• _Assignment_
Ignoring pictures, transcribe exactly the lines between the one containing "Các giai đoạn phát triển của bệnh ung thư vú" and the end of the material, both included.

• _Records to process_
----------------
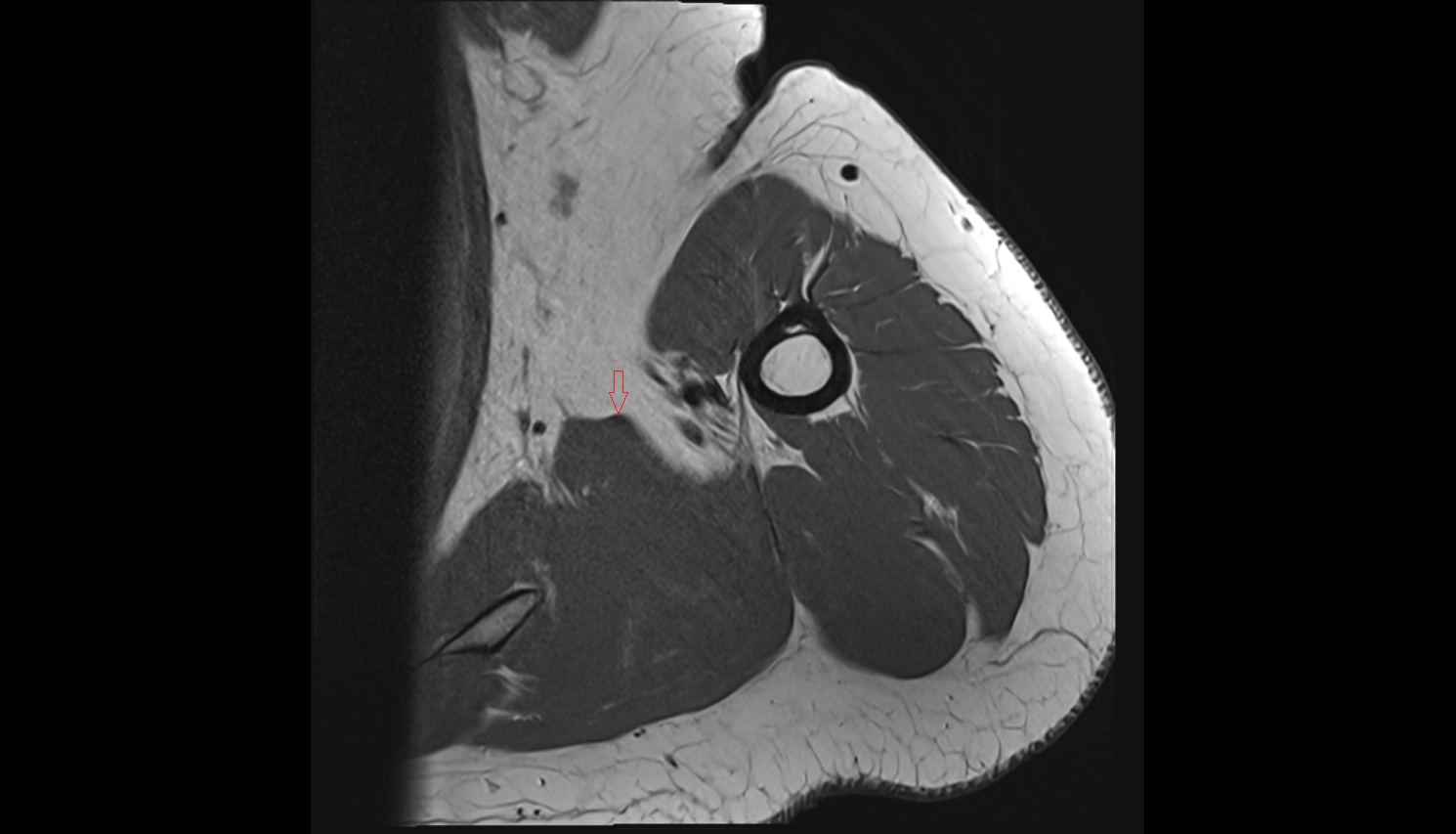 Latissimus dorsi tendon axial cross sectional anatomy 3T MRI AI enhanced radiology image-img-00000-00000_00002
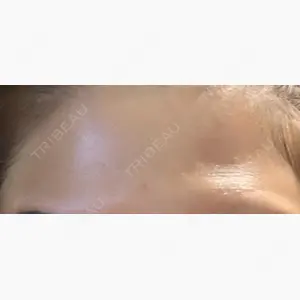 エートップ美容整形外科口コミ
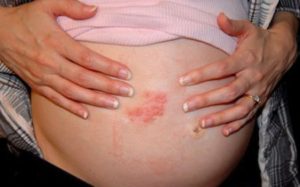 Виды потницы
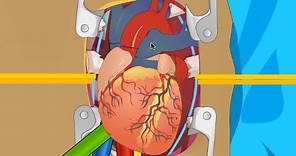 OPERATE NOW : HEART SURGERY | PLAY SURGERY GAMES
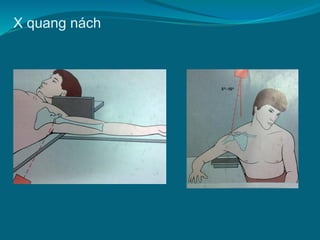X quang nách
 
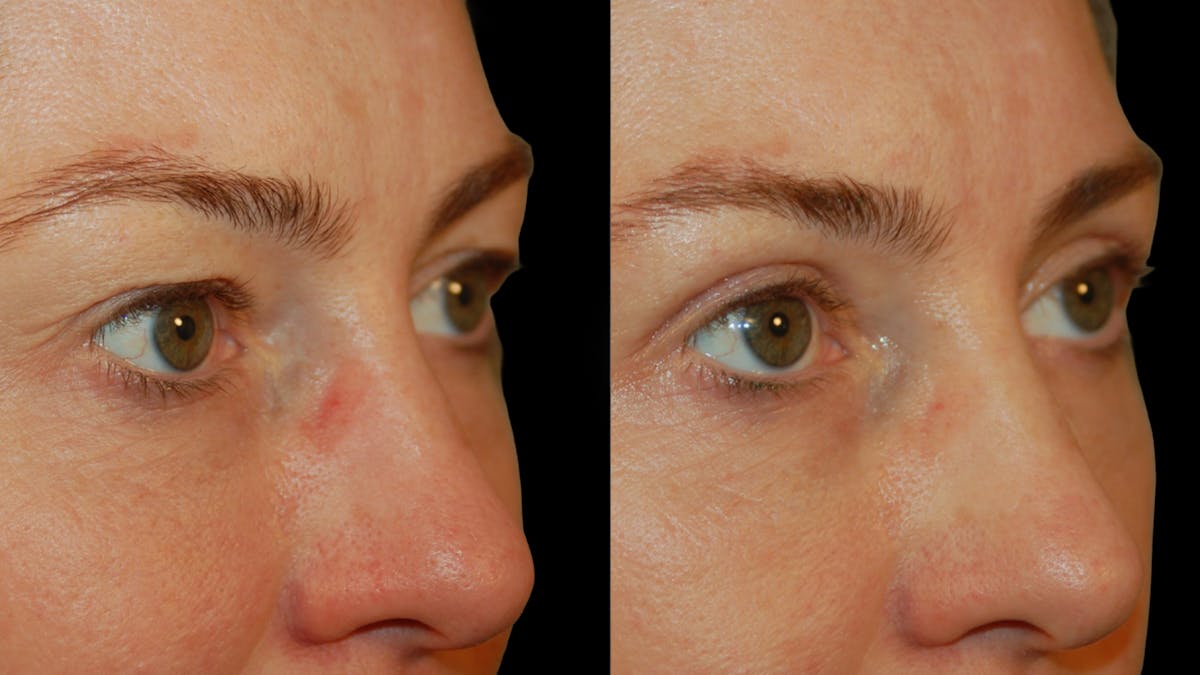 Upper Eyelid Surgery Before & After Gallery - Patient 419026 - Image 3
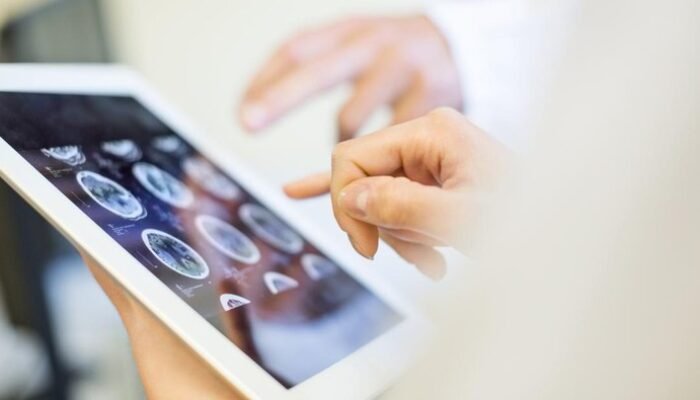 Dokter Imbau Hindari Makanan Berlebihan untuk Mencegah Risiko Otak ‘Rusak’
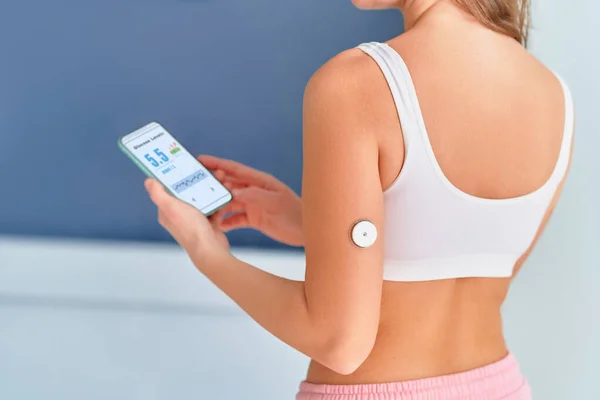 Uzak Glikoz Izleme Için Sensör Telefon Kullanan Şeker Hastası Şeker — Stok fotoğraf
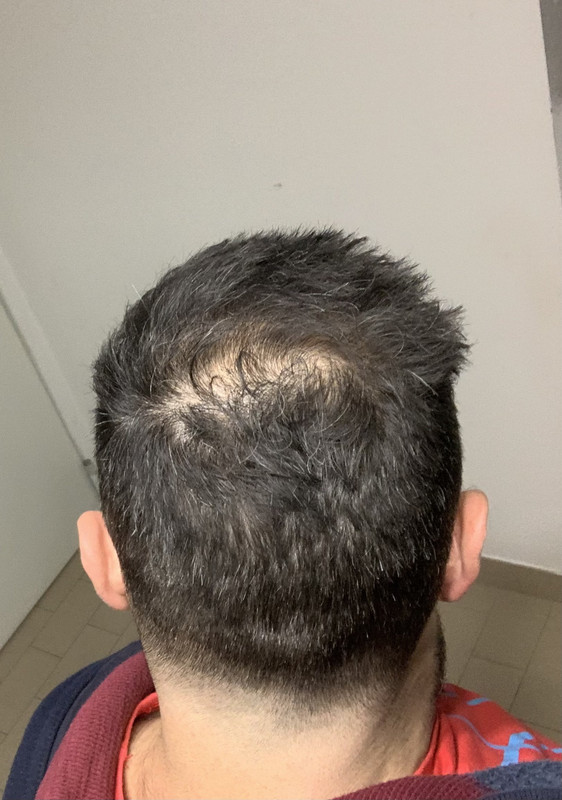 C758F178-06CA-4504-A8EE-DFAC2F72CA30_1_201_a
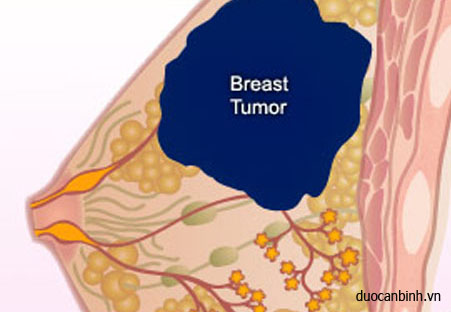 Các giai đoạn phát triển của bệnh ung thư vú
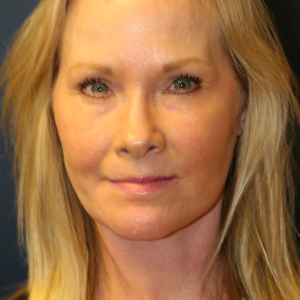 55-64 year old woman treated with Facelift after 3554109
----------------
• _Result_
 Các giai đoạn phát triển của bệnh ung thư vú
 55-64 year old woman treated with Facelift after 3554109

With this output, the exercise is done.